Below are records with pictures; copy word for word only the lines between the line with "this 500×333 image." and the line with "this 590×480 image.", inclusive, and drop the pictures.

Material shown →
=== Begin Enclosure ===
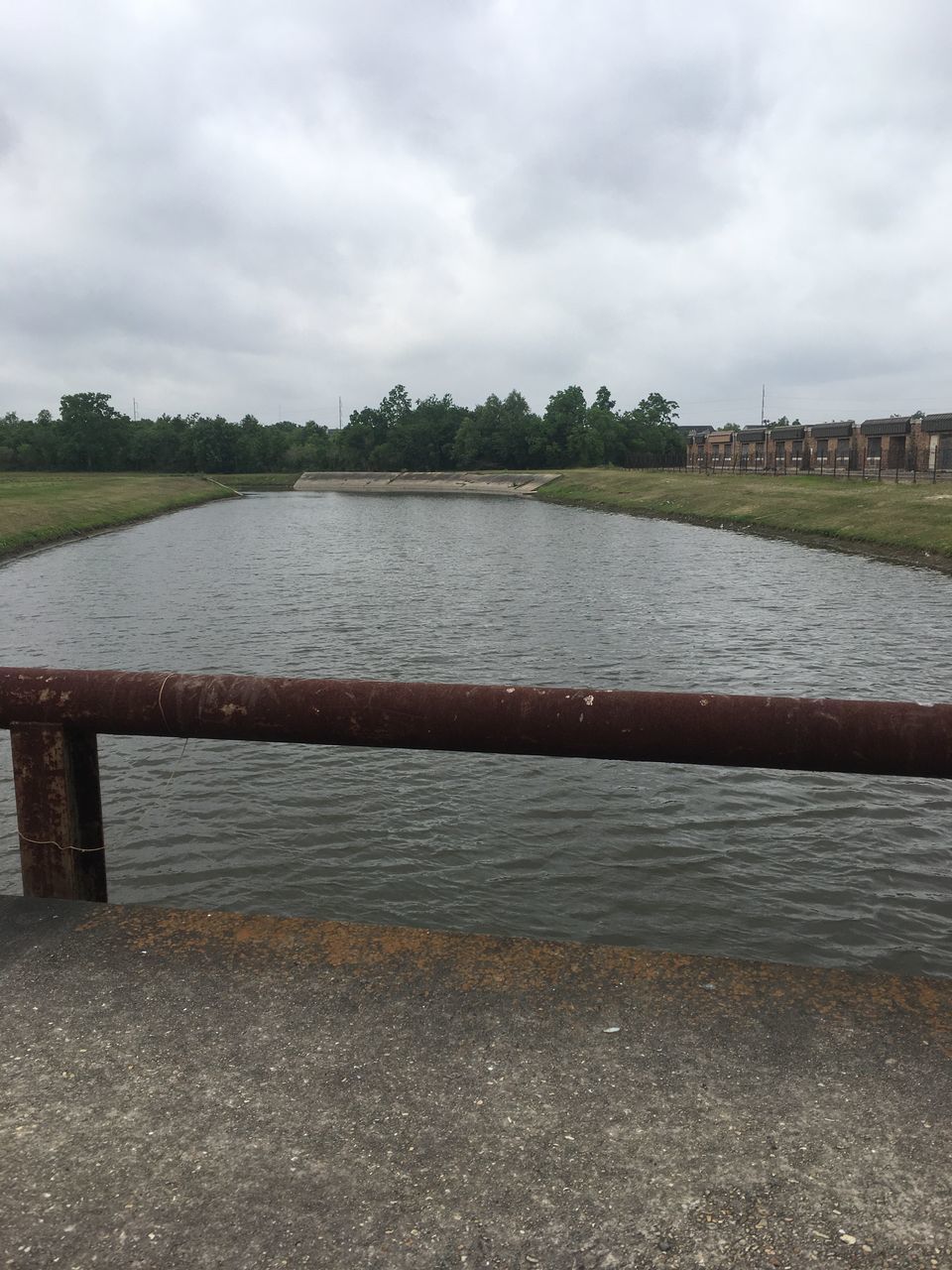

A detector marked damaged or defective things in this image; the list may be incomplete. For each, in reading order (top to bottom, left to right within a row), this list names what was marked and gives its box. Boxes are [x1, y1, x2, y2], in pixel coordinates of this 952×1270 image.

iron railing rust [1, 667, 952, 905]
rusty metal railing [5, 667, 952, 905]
=== End Enclosure ===
=== Begin Enclosure ===
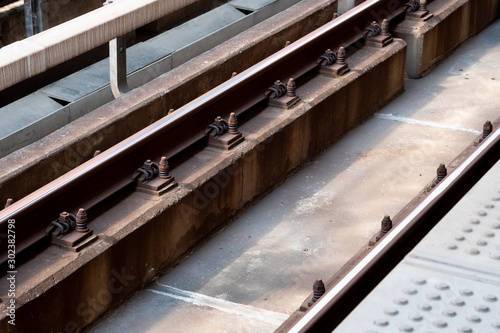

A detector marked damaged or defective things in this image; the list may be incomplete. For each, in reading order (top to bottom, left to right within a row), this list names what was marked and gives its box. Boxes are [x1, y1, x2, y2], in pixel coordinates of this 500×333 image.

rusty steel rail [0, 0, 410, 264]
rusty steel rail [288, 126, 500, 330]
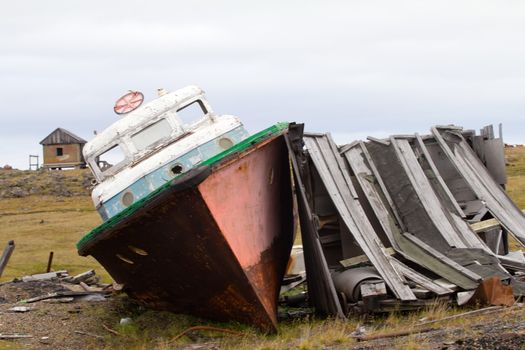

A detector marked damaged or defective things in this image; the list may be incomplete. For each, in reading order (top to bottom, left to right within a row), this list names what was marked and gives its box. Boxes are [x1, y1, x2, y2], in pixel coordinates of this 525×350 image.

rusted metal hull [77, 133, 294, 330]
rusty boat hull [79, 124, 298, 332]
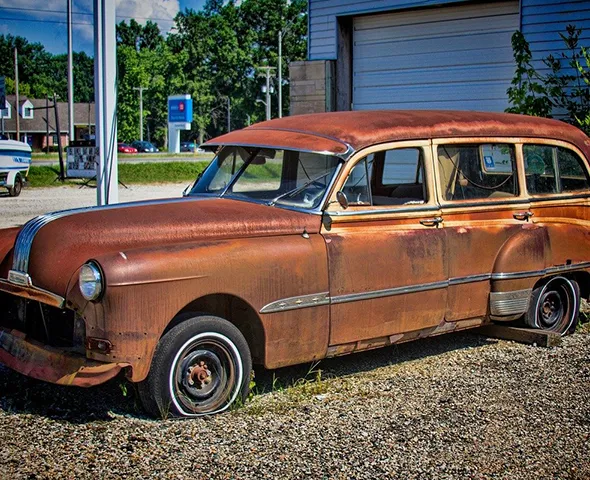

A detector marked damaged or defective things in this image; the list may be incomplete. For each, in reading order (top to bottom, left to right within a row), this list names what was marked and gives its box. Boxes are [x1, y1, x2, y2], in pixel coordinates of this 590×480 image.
=== End Enclosure ===
=== Begin Enclosure ===
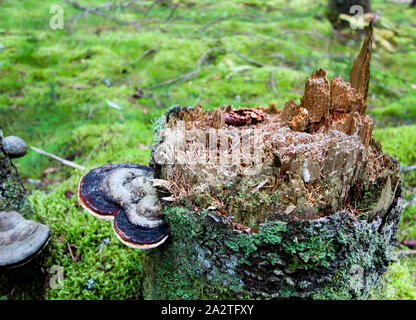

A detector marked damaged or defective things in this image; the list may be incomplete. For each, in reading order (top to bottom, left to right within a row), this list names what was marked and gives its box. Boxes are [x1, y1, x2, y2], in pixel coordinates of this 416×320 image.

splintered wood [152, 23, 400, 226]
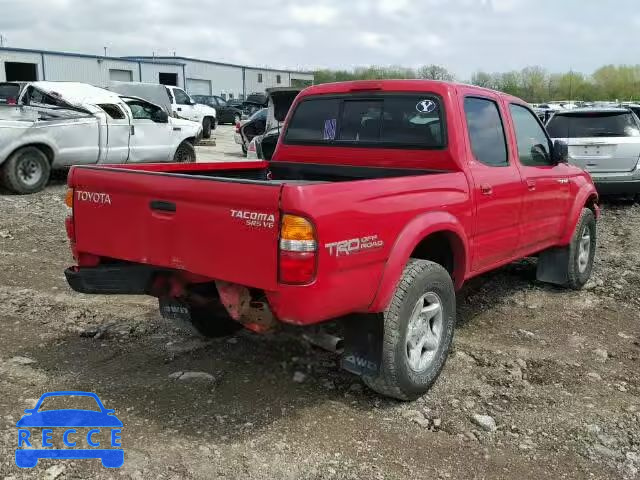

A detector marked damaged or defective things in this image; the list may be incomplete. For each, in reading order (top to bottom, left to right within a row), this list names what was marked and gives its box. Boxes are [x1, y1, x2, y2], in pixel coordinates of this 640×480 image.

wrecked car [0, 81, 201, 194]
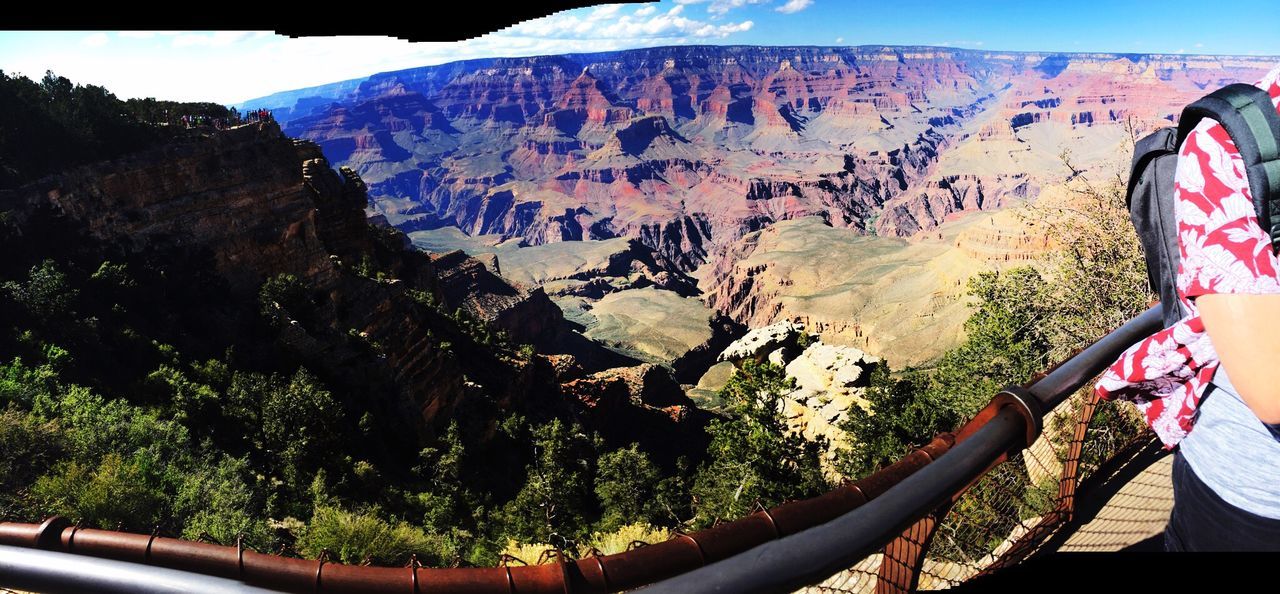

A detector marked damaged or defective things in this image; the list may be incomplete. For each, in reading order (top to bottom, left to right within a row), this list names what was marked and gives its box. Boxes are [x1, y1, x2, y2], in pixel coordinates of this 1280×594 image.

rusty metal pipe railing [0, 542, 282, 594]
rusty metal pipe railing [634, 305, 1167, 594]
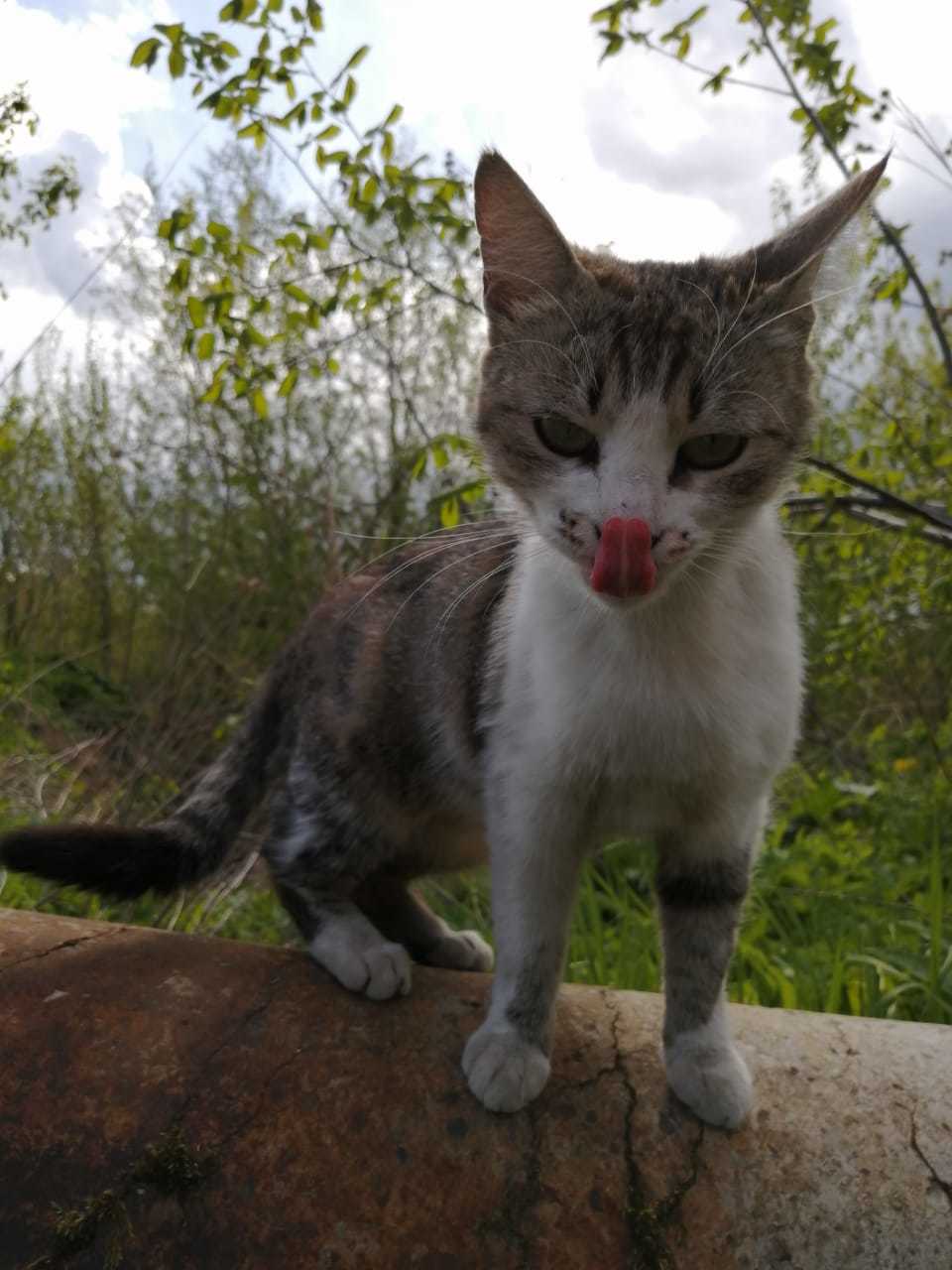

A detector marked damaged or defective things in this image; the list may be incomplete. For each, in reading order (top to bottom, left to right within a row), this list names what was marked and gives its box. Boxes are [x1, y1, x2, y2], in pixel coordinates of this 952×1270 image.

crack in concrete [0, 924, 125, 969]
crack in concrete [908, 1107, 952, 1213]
=== End Enclosure ===
The completed task →
A detector marked damaged or defective things in this image; the list may be incomplete. For each, in reading order (top to bottom, left to right within a row), this list names what was marked and gives its box. Boxes are [x1, y1, x2, y2], in pixel coordinates of this 500×333 image.

rusty steel rail [0, 0, 410, 264]
rusty steel rail [288, 126, 500, 330]

A detector marked damaged or defective things in this image; the list may be incomplete. For each, in reading order (top to bottom, left to right within a row), this list names what was marked and gives its box. Boxes are [x1, y1, x2, y2], in pixel coordinates of this 525×350 image.

rusted metal hull [77, 133, 294, 330]
rusty boat hull [79, 124, 298, 332]

A detector marked damaged or defective things in this image; the list may be incomplete. For each, in reading order (top to bottom, left to right within a row), this list names what was marked and gives its box. Boxes are [x1, y1, x2, y2], in pixel coordinates of this 590×480 image.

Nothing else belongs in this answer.